On 07/10/2012 01:57 AM, Geoffrey Biggs wrote:
> On 10 July 2012 01:02, Timon Gehr<timon.gehr at gmx.ch>  wrote:
>> ...
>> 2.
>>
>> - hash table
>> - opApply compacts the table if it is occupied too sparsely, in order
>>    to speed up further iteration.
>> - toString iterates over all key/value pairs by the means of opApply.
>>
>> Clearly, toString cannot be const in this setup.
>>
>> ...
>> I am not talking about code quality. I am talking about code
>> maintainability, extensibility and performance.
>
> Although I don't know what D's goals with const are, in C++,
> const-correctness is often considered from the perspective of outside
> the interface.

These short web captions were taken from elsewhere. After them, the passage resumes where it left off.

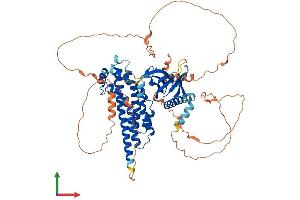 AlphaFold protein structure predicition of Mouse Recombinant Arhgef25 Protein, UniprotID Q9CWR0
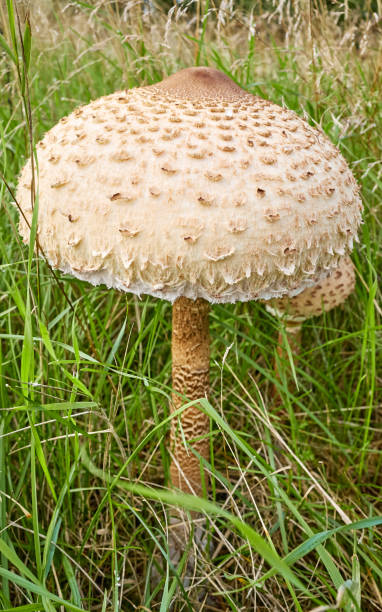 de cerca imagen de seta de sombrilla en hierba. - vertical meadow mushroom vegetable fotografías e imágenes de stock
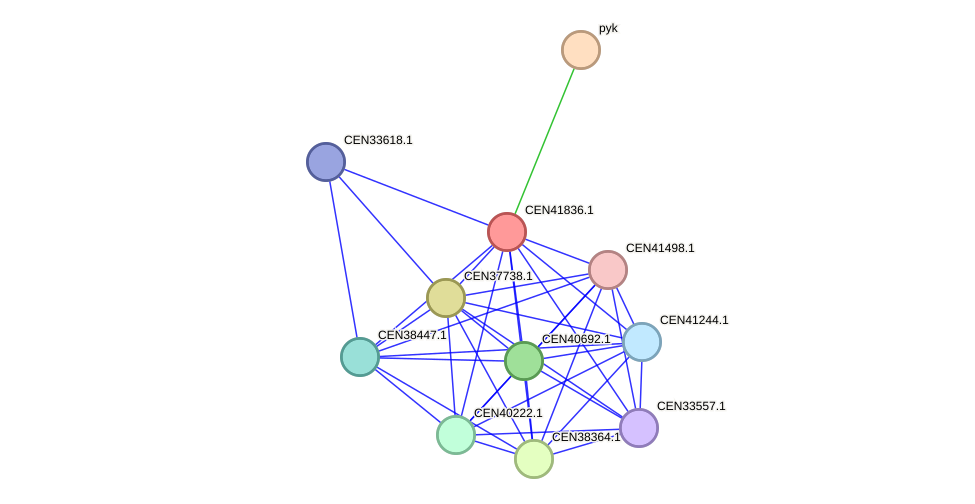 STRING protein interaction network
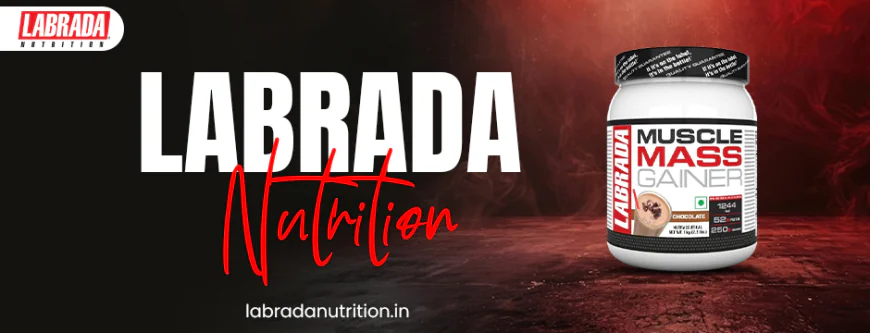  best protein powder 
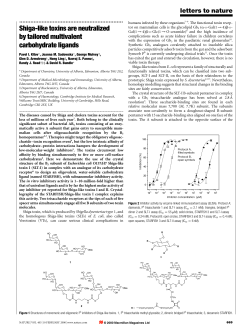 Shiga-like toxins are neutralized by tailored multivalent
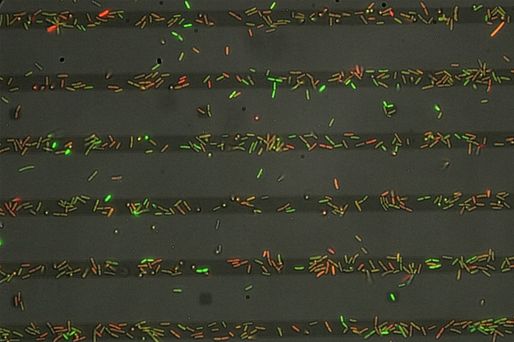 Cum se formează coloniile bacteriene care provoacă infecţii nosocomiale şi de ce rezistă tratamentelor cu antibiotice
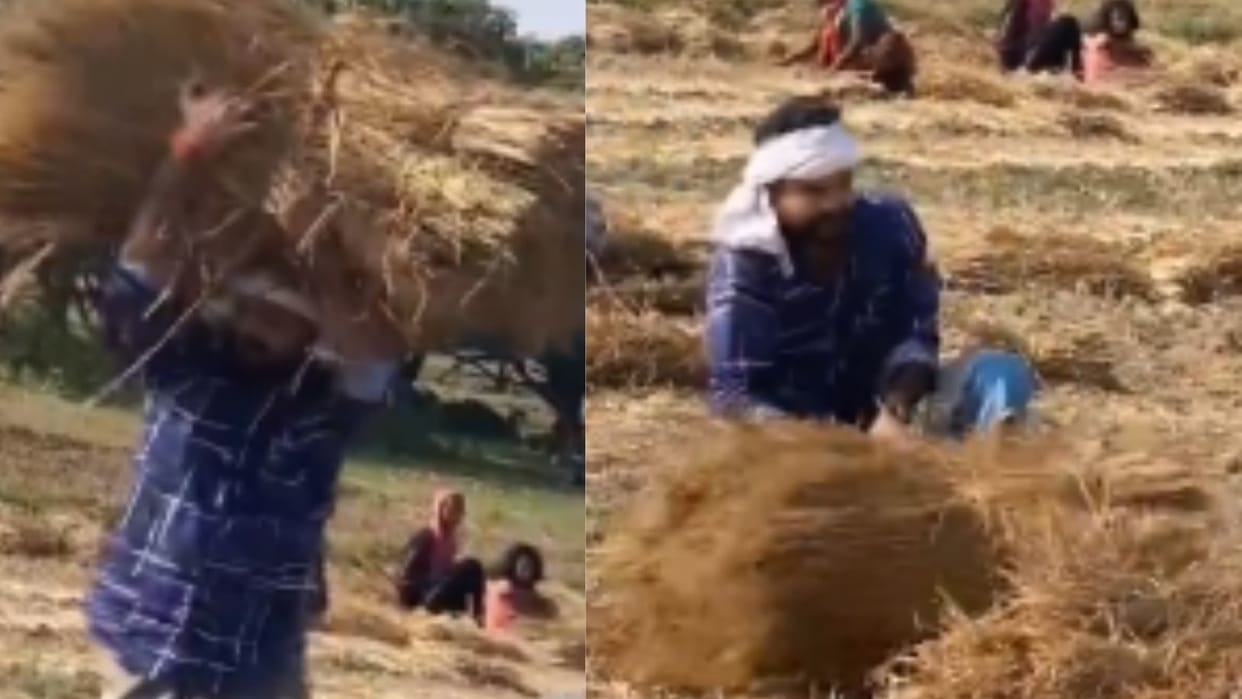 Bhojpuri: Bhojpuri star Ritesh Pandey was seen carrying a burden of paddy on his head, the video went viral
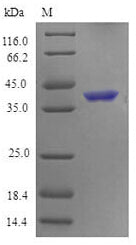 Recombinant Mouse Tumor necrosis factor receptor superfamily member 4 (Tnfrsf4), partial – Figure 1 of 1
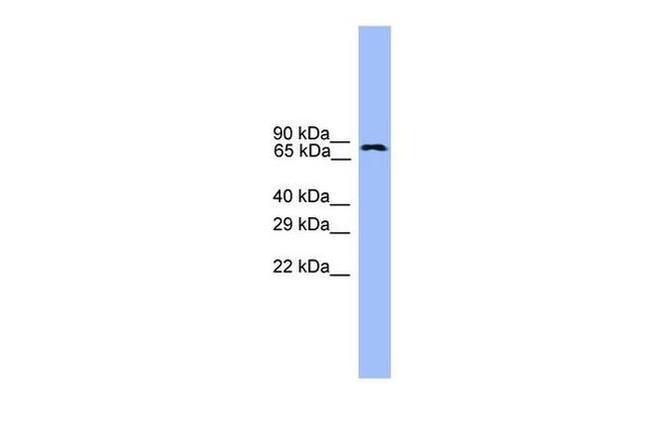 USP1 Antibody in Western Blot (WB)
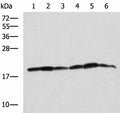 BLOC1S6 Polyclonal Antibody – Figure 1 of 3
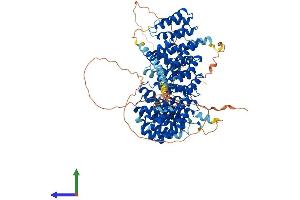 AlphaFold protein structure predicition of Mouse Recombinant Ppp4r4 Protein, UniprotID Q8C0Y0 (PPP4R4 Protein (AA 1-875) (His tag))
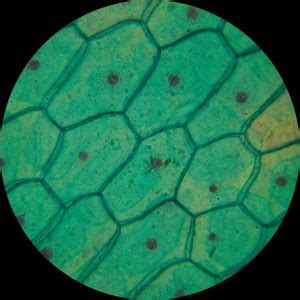 This lesson is suited to ks3 students and ks4 students (aqa required practical). Plant & Animal Cells Staining Lab Answers - ClassTalkers ...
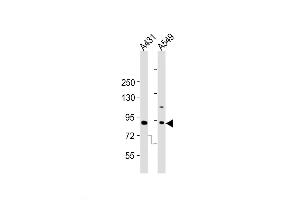 Western Blot at 1:2000 dilution Lane 1: A431 whole cell lysates Lane 2: A549 whole cell lysates Lysates/proteins at 20 ug per lane. (DNMT3B 抗体  (AA 389-417))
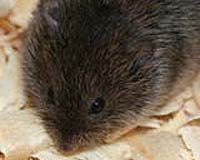 Global Warming Linked To European Viral Epidemic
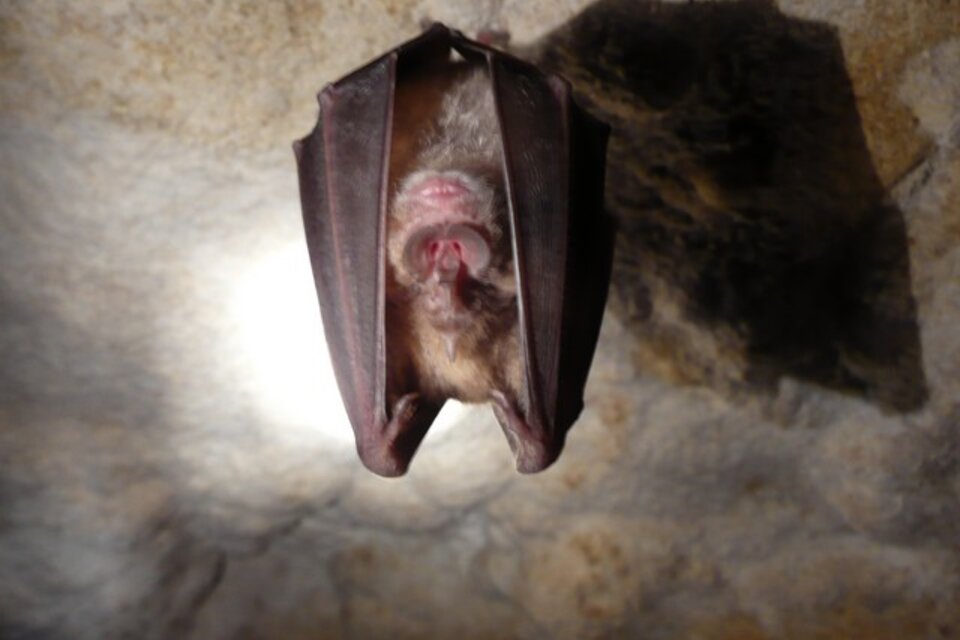 Científicos hallan un virus relacionado con el covid-19 en murciélagos del Reino Unido
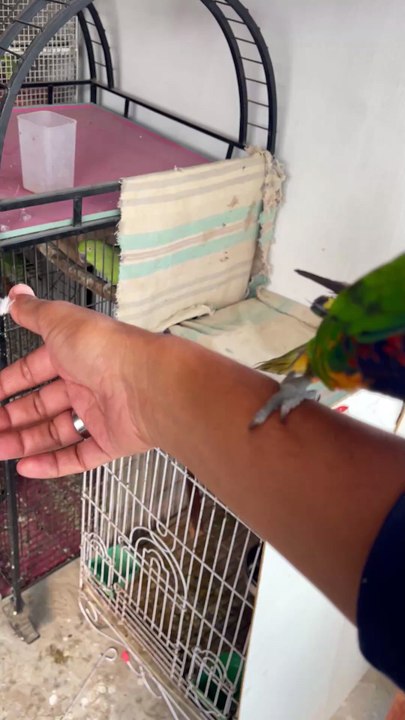 Pets Life #petslife #Viral #Funny #beauty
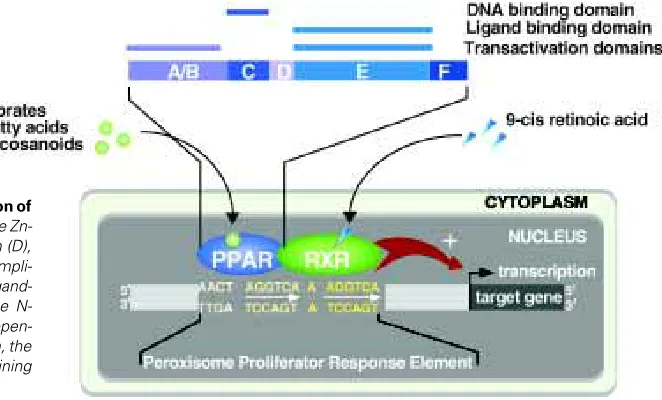 Fig. 1. PPAR DNA binding and transcriptional activation oftarget genes. PPARs activate the expression of target genes containingdent regulation of receptor activity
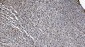 Anti-SAMHD1 Antibody Picoband™ (monoclonal, 10H8)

A const member function guarantees that, from the point
> of view of an entity using the object, its state will not change. This
> does not guarantee that data stored in the object is not changing.
> This allows for things like storing cached values. Unfortunately,
> implementing this is more difficult than it might sound, e.g. in cases
> such as  #2 above, particularly if you also want the compiler checking
> that the const keyword can allow (which you should).
>
> See here for more information:
> http://www.parashift.com/c++-faq-lite/mutable-data-members.html
>
> Geoff

Exactly! I don't think that the term 'const correctness' actually
has a meaning in D. It is a C++ term.